Good People takes a hard look at Canada’s problems and scours the planet for the places and solutions that offer hope. In this web special segment to go along the episode focusing on gun violence in Toronto, Mark Sakamoto talks with Nancy Bokma, the mother of late skateboarder Justin Bokma.
We talked with long time SBC contributor Nik Sexton, who directed this documentary.
Hey Nik, I remember you interviewed Justin for SBC in the past, what was your relation with him?
Justin was a good friend. I met him through another good friend Dan Bochart, back when those guys lived together in Parkdale, Toronto. I want to say this was in the early 2000’s.
For younger people, or for people who might not know Justin, can you tell us who he was and what happened to him?
He was a legend. A pro skater’s pro skater. Justin was on the cover of Transworld back lipping a young looking Hubba hideout. I can only speak from my vantage point because there’s a lot of great guys out there who knew Justin Bokma way better than me but whenever Justin would show up to a skate spot, you could literally watch everyone ooh n’ awe, then hear the whispers, “Holy shit that’s Justin Bokma.” He was that skater.
Justin Bokma was tragically taken from us July 1, 2016, working as a doorman at a Kensington market bar where he was fatally shot along with bartender and father of 2, Lefranc Matthews. The killers are still at large.
You directed the Justin and Nancy Bokma piece for Good People Canada, what is Good People Canada and how did this piece come together?
I’d been working on this new CBC/VICE doc show called “Good People” for some time. When we decided to make an episode on Toronto Gun Violence it was a no-brainer to talk with Nancy Bokma. The goal was to get the whole Justin story out there in a respectful way. Nancy is a wonderful lady and we still keep in touch to this day. She wants nothing more than justice for Justin, so whenever someone shares our Bokma piece or any other news story, to Nancy that’s one more ounce of hope they might catch the guys who did this.

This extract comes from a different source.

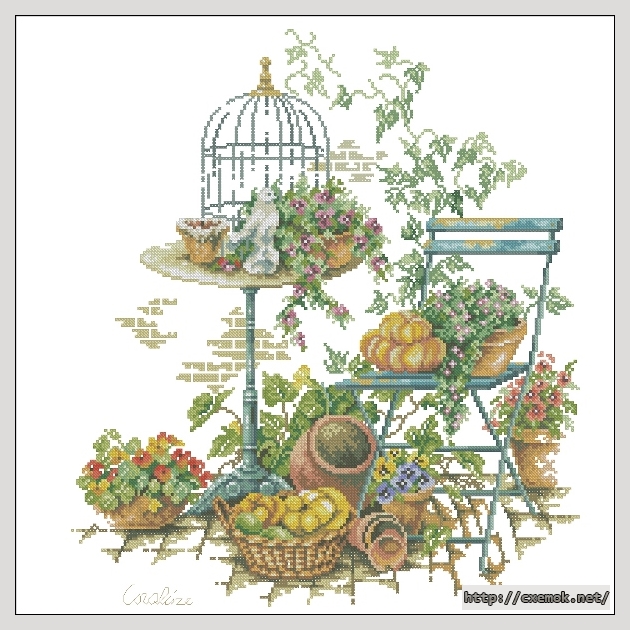Download embroidery patterns by cross-stitch  - Vogelkooitje met tuinstoel, author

It must be noted this piece almost never saw the light of day until Bill Weiss helped us get phone numbers/clearances for the archives. Really awesome for Bill to help because I knew how close he and Justin were. They were basically brothers.
How do you remember Justin?
I’m from Newfoundland and I fondly remember Justin chirping or leaving voicemails on my phone in a Newf accent. He really enjoyed the classic Newfoundland line, “Yer not a man…but yer some b’y!” He’d often grin and repeat this to our little east coast crew with his best accent. It always made us laugh. Justin would tell me how he wanted to see Newfoundland someday. Sadly, he never got the chance.
Anything else you’d like to add?
Yeah. Thanks to Nancy and the whole Bokma family and those who let us use their photos and footage. Wes Loates was a great help with this piece as well. Wes runs “Build For Bokma” a not-for-profit whose long-term goal is to develop a community-built skatepark in the honour of Justin Bokma. Support these guys and spread the good word because I think many of us would like to see the “Justin Bokma skatepark” come to fruition someday.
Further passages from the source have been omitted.